While this approach makes sense when working with functions of the data (i.e., statistics) for which we know the appropriate probability model, it encounters a huge problem when it is applied to the original data. As Shewhart pointed out, we will never have enough data to uniquely identify a specific probability model for the original data. In the mathematical sense all probability models are limiting functions for infinite sequences of random variables. This means that they can never be said to apply to any finite portion of that sequence. This is why any assumption of a probability model for the original data is just that—an assumption that cannot be verified in practice. (While lack-of-fit tests will sometimes allow us to falsify this assumption, they can never verify an assumed probability model.)

So what are we to do when we try to analyze data? Shewhart suggested a completely different approach to the equation above. He started by selecting some generic critical values A and B for which the risk of a false alarm, ( 1 – P ) will be reasonably small regardless of what probability model f(x) we might choose. This approach changed what is fixed and what is allowed to vary. With the statistical approach the risk of a false alarm is fixed, and the critical values vary to match the specific probability model. With Shewhart’s approach it is the critical values that are fixed (the three-sigma limits) and the risk of a false alarm that is allowed to vary. This complete reversal of the statistical approach is what makes Shewhart’s approach so hard for those with statistical training to understand.

Added in edit by Bev D
Donald J. Wheeler
Myths About Process Behavior Charts
Quality Digest
09/07/2011
 
Last edited by a moderator:
First - you should always attribute anything that you quote, especially one that is this long. This article was written by Dr. Donald Wheeler, published in Quality Digest on 9/7/2011. He is referencing Dr. Shewhart’s Economic Control of Quality.

What is it that you don’t understand?
 
Hello can someone elaborate (explain)
Hello @New to statistics.

Donald Wheeler is a great (still-living!) statistical guru, who writes for SPCpress.com. He explains the important distinction between descriptive statistics (also called Enumerative) and inference statistics used for prediction (also called Analytical). I think that distinction will help you understand the two approaches you asked about.

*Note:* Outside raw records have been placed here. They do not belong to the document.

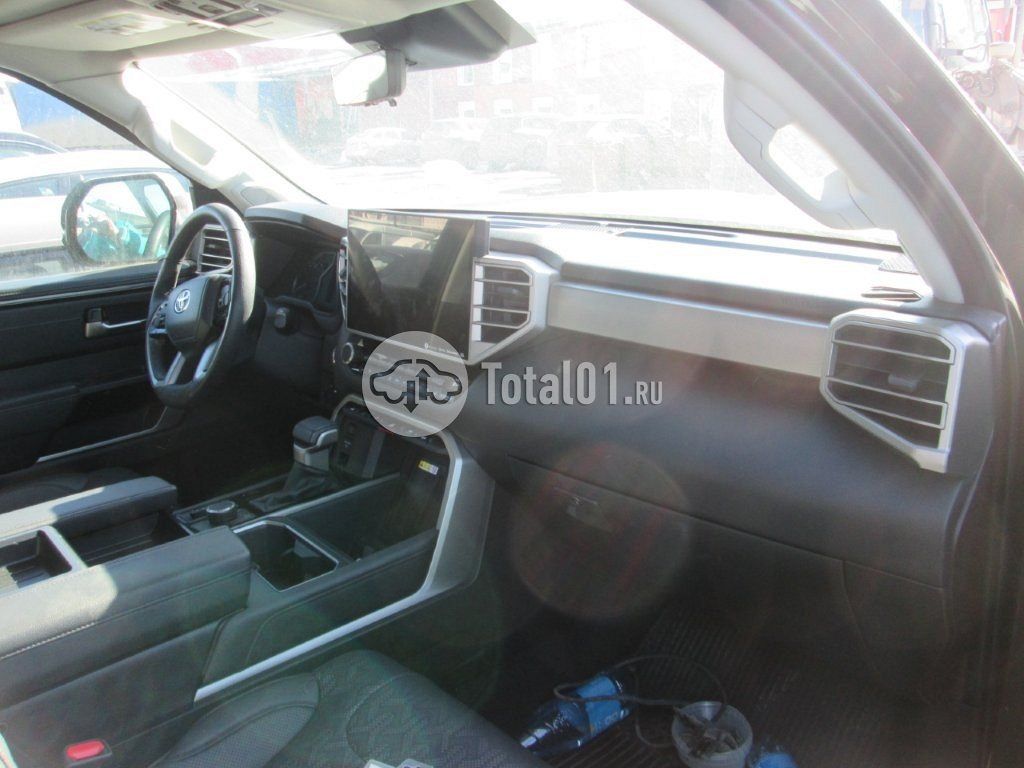 Фото Toyota Tundra 108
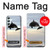 S1349 Killer whale Orca Case For Samsung Galaxy A34 5G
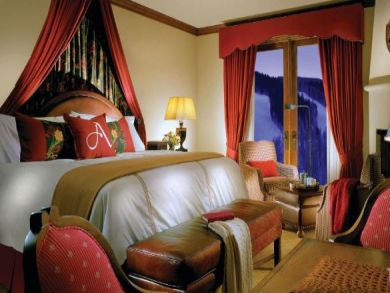 Vail Luxury Vacation Condo Rental Sleeps Six Ski In Ski Out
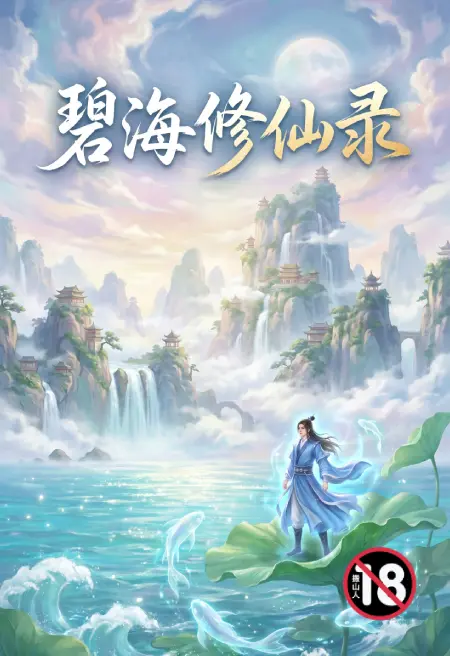 碧海修仙录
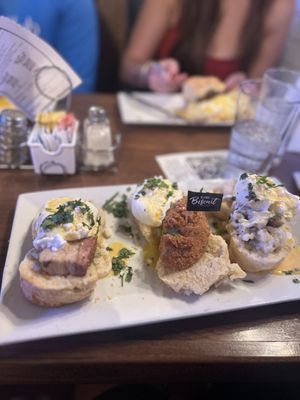 Alamo Biscuit Company & Panaderia Riverwalk by null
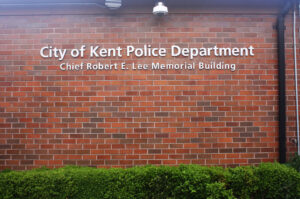Kent Police arrest 12 in East Hill shoplifting sting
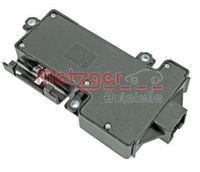 Stel element, zitplaatsverstelling 0916267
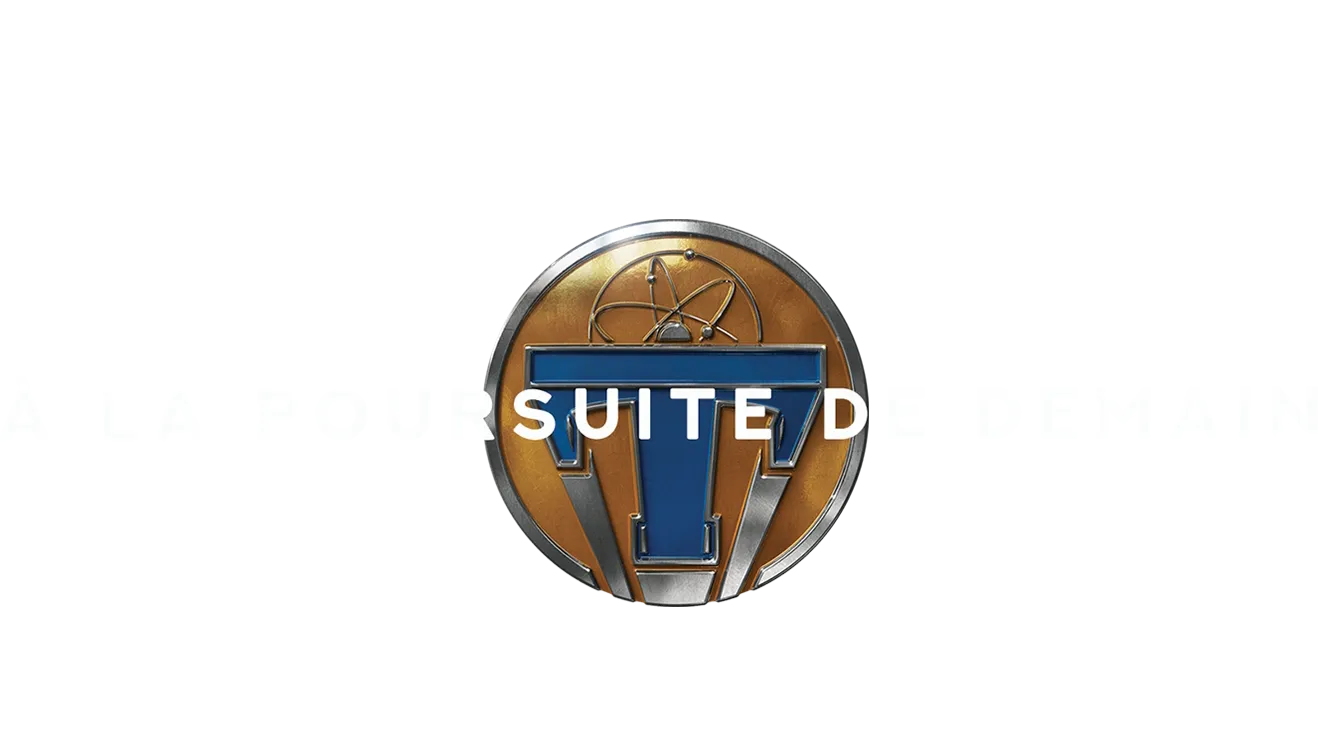 À la Poursuite de Demain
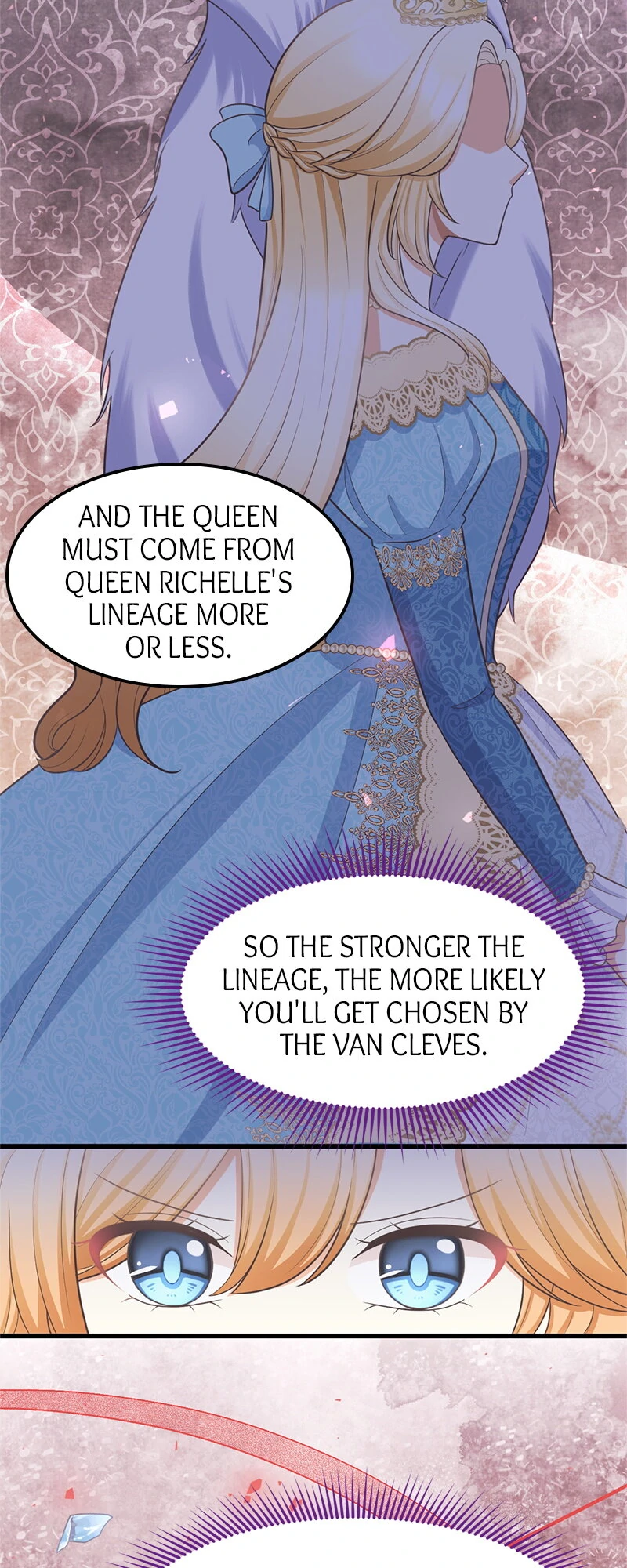 Please Fulfill Your End of the Bargain, My Grace! Chapter 78 235 051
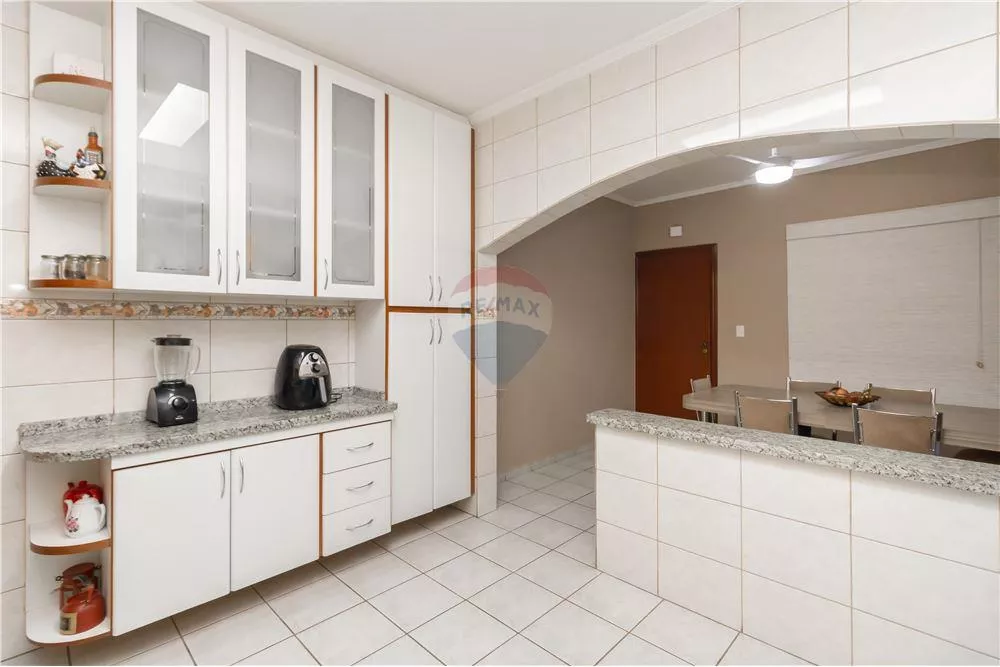 Sobrado, 3 quartos, 131 m² - Foto 6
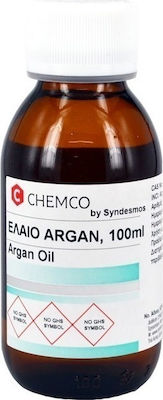 Chemco Argan Oil Αιθέριο Έλαιο Αργκάν 100ml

From a different article (appeared in Quality Digest, July 9, 2018):

"The ultimate purpose for collecting data is to take action. In some cases the action taken will depend upon a description of what is at hand. In others the action taken will depend upon a prediction of what will be. The use of data in support of these two types of action will require different types of analyses. These differences and their consequences are the topic of this article."

I hope you can find enough explanation at SPCpress.com to help you understand the difference. It is a rather abstract distinction, but Donald Wheeler does a good job explaining topics in plain English. However. you do have to find an article which speaks to you where you are in your level of understanding.
 
I don't quite understand the differences of these 2 approaches...hot you select/choose the critical values?
The Critical values for the first case are dependent on the applicable distribution. The critical values for the second case (the control chart method) are the control limits - the 3 sigma values for the subgroup size. This is exactly what Wheeler said that Shewhart said.

In other words the control limits are not based on any distribution nor is any distribution required for the control chart to work.
 
Another more specific expanantion:

The first approach to determining “A & B” is that when you know (assume - Shewhart correctly stated that one can never actually know what distribution a time series set of process data has) a distribution you determine what amount of coverage you want to understand (low to high limit of variation). You determine or set the coverage amount (P or probability) and then you use the formula for the distribution to determine the coverage limits “A & B”). With SPC, Shewhart set the limits for coverage at +/- 3 SD (lower and upper control limits) and allowed or accepted that the true amount of coverage (or amount of data that naturally beyond the coverage limits) to be very small or small enough to be useful.